Advanced Topics in Computer Systems |
|
Joe Hellerstein & Timothy Roscoe |
|
Query Processing
Themes: Dataflow and Dataflow Operators
A quick primer on the relational algebra
- selection
- projection
- cartesian product
- union
- difference
- join (in particular, theta-join)
Dataflow Architecture: Iterators
Basic question: how do you turn the algebraic operator abstraction into a
programming construct? Iterators.
An OO view of iterators:
An iterator is a superclass for all dataflow operators. It has three
methods:
- open(): initialize state to set up dataflow.

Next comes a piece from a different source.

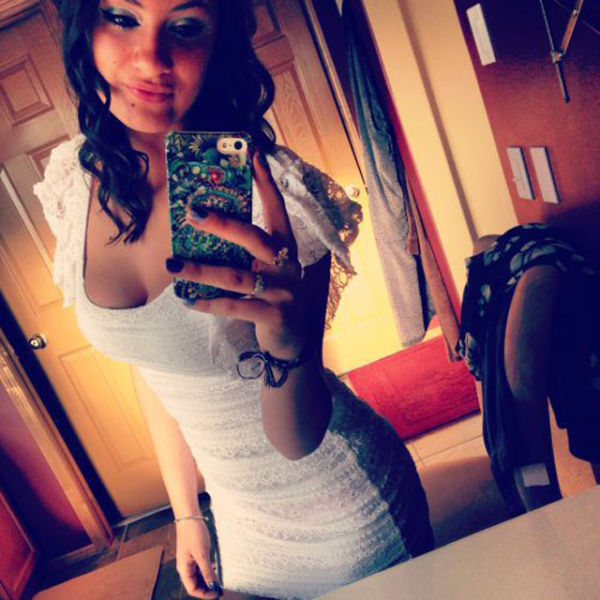 Сексуальные девушки любят надевать обтягивающие платья (53 фото)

- next(): produce a record as output
- close(): clean up state
The output type of next() is well typed. In a SQL system, this is a
SQL record in some schema, e.g. (integer, numeric(10,2), varchar, float).
Iterators are strung together into a dataflow by parameterizing them to
have other iterators as inputs, and then having their methods invoke the
input iterators' methods. Usually parent.open() invokes child.open()

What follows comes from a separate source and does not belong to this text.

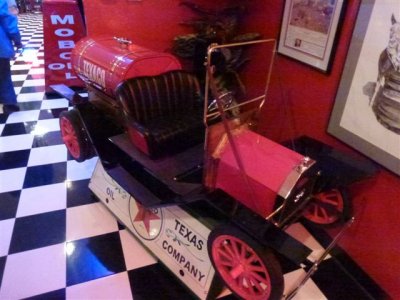 AZ Hobbyist Council Show, Sanderson Ford Museum 2-2-13 016.jpg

and sometimes child.next(). Usually parent.next() invokes child.next()
or nothing. Usually parent.close() invokes child.close().
An iterator also has a number of private data members, including all the
"input" iterators it invokes (usually one or two of these), and any state
it maintains. The types of the records from input iterators need to
match the operator semantics in generating the output type. In a DBMS,
this is all set up automatically at query parsing/optimization time.
Extensible "optimizer generators" have been developed that let you declare
these rules in a high-level way (not as optimizer code).
A state-machine/event-handler view:
An iterator is an event handler for the events open/next/close/tuple-received.
The work in subclassing the iterator operator is to identify and maintain
the states that it can be in across next() events.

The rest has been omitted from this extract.